Opinions I voice in this talk are my own and do not necessarily represent those of my employers.

### Censorship as damage

I started my on-line adventures, as I imagine many of you have, in simpler times when the Internet was this new amazing technology, the information superhighway, the series of tubes, where a blog could be set up in a broom closet by everyone and their dog, and nobody could tell them apart (the dog and the everyone, that is; although I am sure there were and are many who still cannot tell a blog from a broom closet).

In this Cyberland Before Time, "*the Internet would interpret censorship as damage, and route around it*". Governments seemed comically helpless as far as anything digital was concerned. Whenever they tried to block anything, the Internet would get a strong, systemic allergic reaction known as the *Streisand Effect*, and information would still flow.

### The game has changed

But that was then. Today, effective web censorship is within reach not only for China, who is willing to invest heavily into building their own in-house technology and capacity, but also to less dedicated but no less censorship-eager regimes like the UK, Russia, or Azerbaijan.

Case in point: a few years ago already I have seen a local independent media site blocked completely in Kazakhstan, even though the site was behind CloudFlare. How? The block was Server Name Indication-based, and almost certainly used off-the-shelf hardware sold by one of the major companies. Why even decrypt the TLS traffic if the domain name is transmitted in clear text anyway?..

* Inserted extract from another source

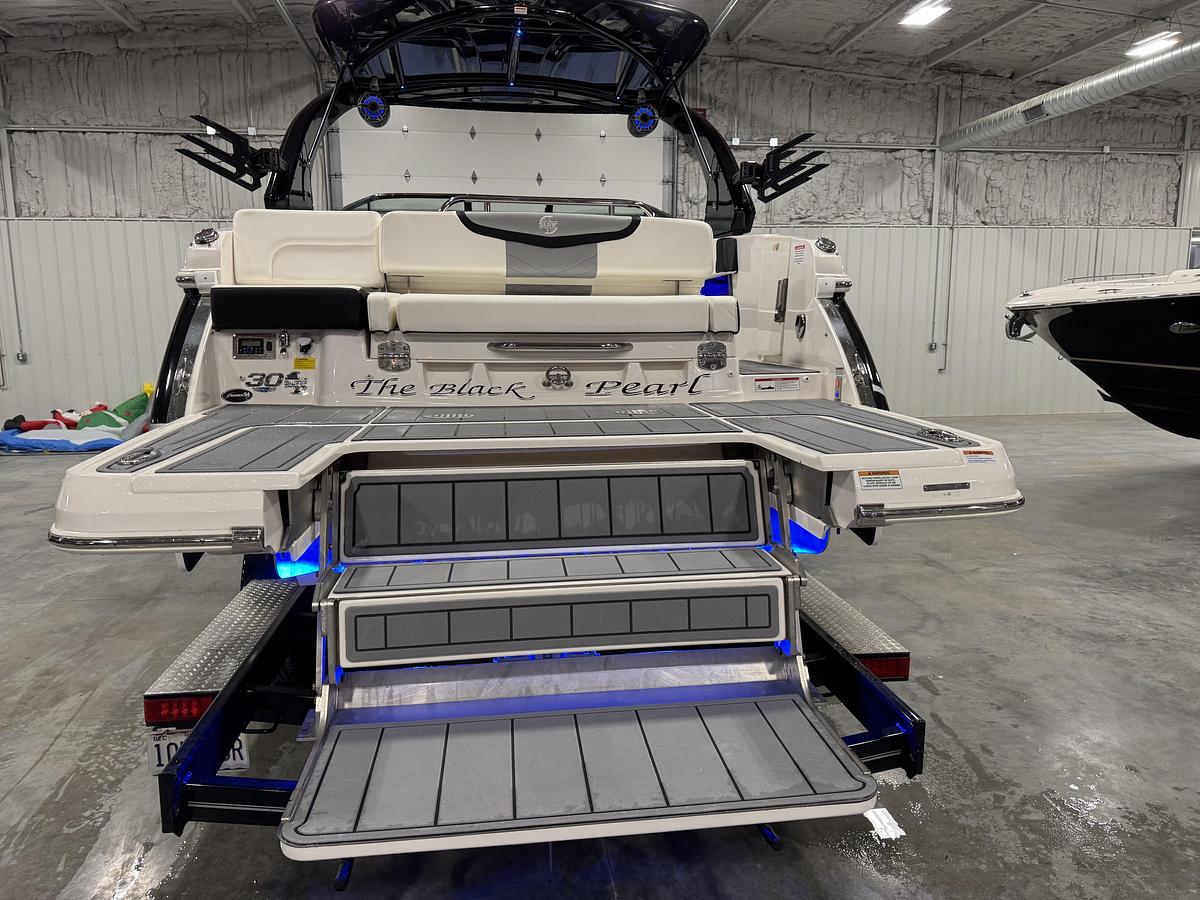 Used 2023 Chaparral 30 Surf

Point is, censorship technology has taken huge strides in the last decade. Hardware has become more powerful and less expensive, and predefined filters are availble for sale on the open market. At the same time, and no less importantly, more and more content became accessible solely through fewer and fewer gatekeepers, making the censors' jobs easier.

### Centralization as damage

These include Facebook and CloudFlare, and Amazon, and Google, and Apple. Don't get me wrong, I am no fan of other Big Tech companies, but in the context of this talk, these are the most relevant.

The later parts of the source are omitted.